Each investment manager shall submit a progress report to the Investment Consultant for the Plan on an annual basis no later than March 1st for the prior fiscal year. However, a manager may be asked to submit a report to the Board during the course of the year at the request of the Board.

If an investment manager fails to comply with the above guidelines, the manager may be scheduled to appear before the Board to explain why it was unable to achieve its goals.

Minority, Women and Disabled-Owned Directed Brokerage Program1

The policy of the Plan with regard to its MWBE Directed Brokerage Program is as follows:

Subject to best execution, and where funds are not commingled, all Large-Capitalization Domestic Equity managers, Mid-Capitalization Domestic Equity Managers, Small-Capitalization Domestic Equity managers and International Equity managers shall participate in the Plan’s Directed Brokerage Program.

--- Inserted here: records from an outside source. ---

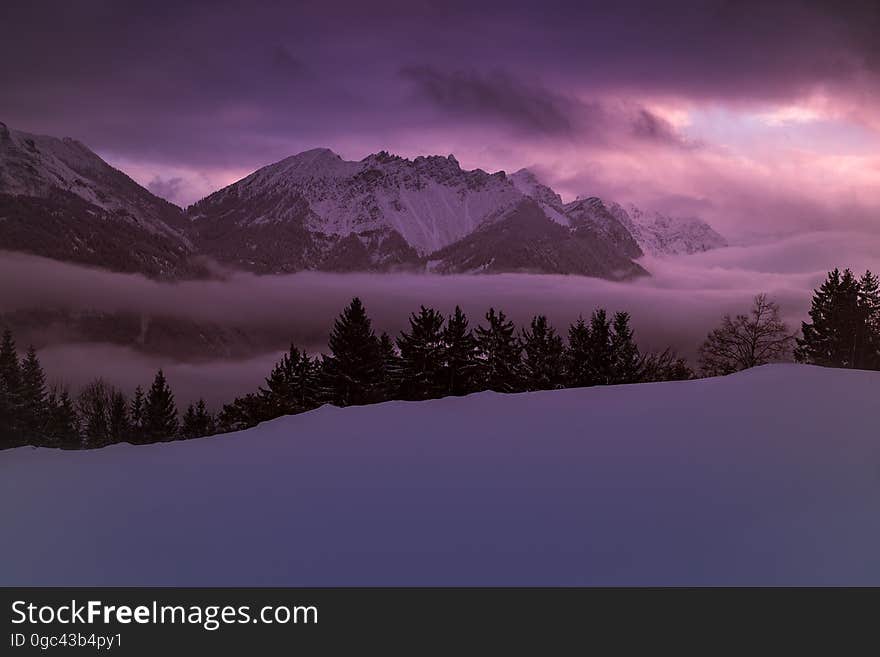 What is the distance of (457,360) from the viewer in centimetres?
4825

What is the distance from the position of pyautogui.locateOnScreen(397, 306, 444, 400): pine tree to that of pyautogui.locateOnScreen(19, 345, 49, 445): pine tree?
4879 cm

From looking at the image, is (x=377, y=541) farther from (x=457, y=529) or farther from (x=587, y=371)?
(x=587, y=371)

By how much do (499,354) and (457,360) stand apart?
582 centimetres

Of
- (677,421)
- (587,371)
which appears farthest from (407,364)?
(677,421)

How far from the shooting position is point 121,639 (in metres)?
5.76

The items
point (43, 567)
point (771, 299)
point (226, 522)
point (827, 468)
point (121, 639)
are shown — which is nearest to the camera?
point (121, 639)

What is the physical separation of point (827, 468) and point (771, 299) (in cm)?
4436

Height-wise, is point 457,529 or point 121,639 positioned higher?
point 457,529

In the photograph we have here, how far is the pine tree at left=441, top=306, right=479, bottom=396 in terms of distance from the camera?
48000 mm

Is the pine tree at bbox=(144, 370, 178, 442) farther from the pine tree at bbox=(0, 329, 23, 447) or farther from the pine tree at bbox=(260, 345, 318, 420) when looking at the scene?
the pine tree at bbox=(260, 345, 318, 420)

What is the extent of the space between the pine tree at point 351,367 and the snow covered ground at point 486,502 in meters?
33.0

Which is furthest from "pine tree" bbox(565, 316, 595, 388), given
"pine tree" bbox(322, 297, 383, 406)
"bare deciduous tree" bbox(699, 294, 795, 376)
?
"pine tree" bbox(322, 297, 383, 406)

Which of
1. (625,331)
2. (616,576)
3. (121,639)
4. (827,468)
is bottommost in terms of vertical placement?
(121,639)

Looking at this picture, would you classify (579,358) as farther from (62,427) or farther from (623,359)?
(62,427) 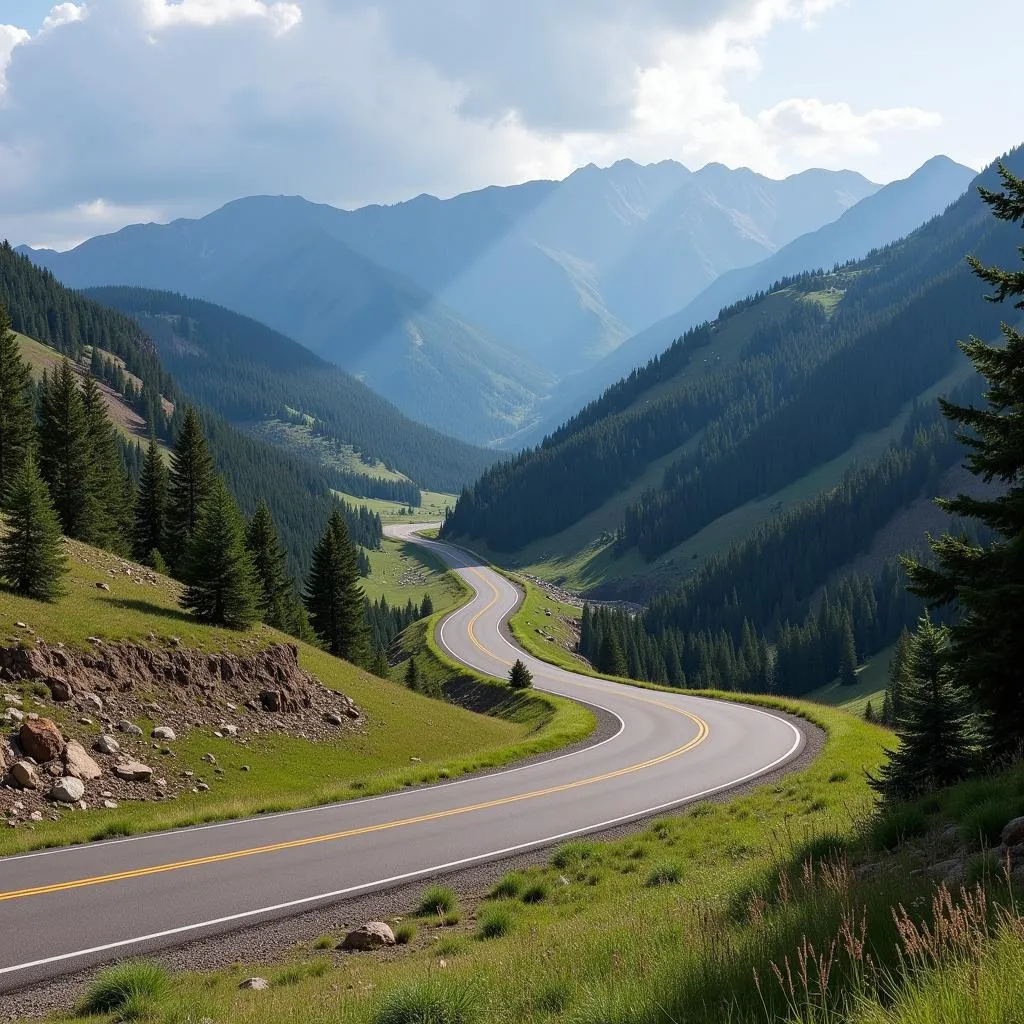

  1. Large-Capitalization Active Domestic Equity Managers
    Subject to best execution and where funds are not commingled, each large capitalization, active domestic equity manager shall comply with the following goals:
    1. Managers are to direct not less than 33% of the total commission dollars to minority, women-owned or disabled-owned brokerage firms with a significant presence in Chicago, and who preferably have an office located within the City of Chicago.
    2. Each investment manager shall submit an annual progress report to the Investment Consultant for the Plan no later than March 1st for the prior fiscal year.
    3. If an investment manager fails to comply with the above guidelines, the manager may be scheduled to appear before the Board to explain why it was unable to achieve its targets.
  2. Mid-Capitalization Active Domestic Equity Managers
    Subject to best execution and where funds are not commingled, each mid- capitalization, active domestic equity manager shall comply with the following goals:
    1. Managers are to direct not less than 33% of the total commission dollars to minority, women-owned or disabled-owned brokerage firms with a significant presence in Chicago, and who preferably have an office located within the City of Chicago.
    2. Each investment manager shall submit an annual progress report to the Investment Consultant for the Plan no later than March 1st for the prior fiscal year.
    3. If an investment manager fails to comply with the above guidelines, the manager may be scheduled to appear before the Board to explain why it was unable to achieve its targets.
  3. Small-Capitalization Active Domestic Equity Managers
    Subject to best execution and where funds are not commingled, each small capitalization, active domestic equity manager shall comply with the following goals:
    1. Managers are to direct not less than 33% of the total commission dollars to minority-owned, women-owned or disabled-owned brokerage firms with a significant presence in Chicago, and who preferably have an office located within the City of Chicago.
    2. Each investment manager shall submit an annual progress report to the Investment Consultant for the Plan no later than March 1st for the prior fiscal year.]
    3. If an investment manager fails to comply with the above guidelines, the manager may be scheduled to appear before the Board to explain why it was unable to achieve its targets.
  4. International Equity Managers
    Subject to best execution and where funds are not commingled, each international equity manger shall comply with the following goals:
    1. All active international equity managers shall direct not less than 10% of the total commission dollars to minority and women business enterprises with a significant presence in Chicago.
    2. Each investment manager shall submit an annual progress report to the Investment Consultant for the Plan no later than March 1st for the prior fiscal year.
    3. If an investment manager fails to comply with the above guidelines, the manager may be scheduled to appear before the Board to explain why it was unable to achieve its targets.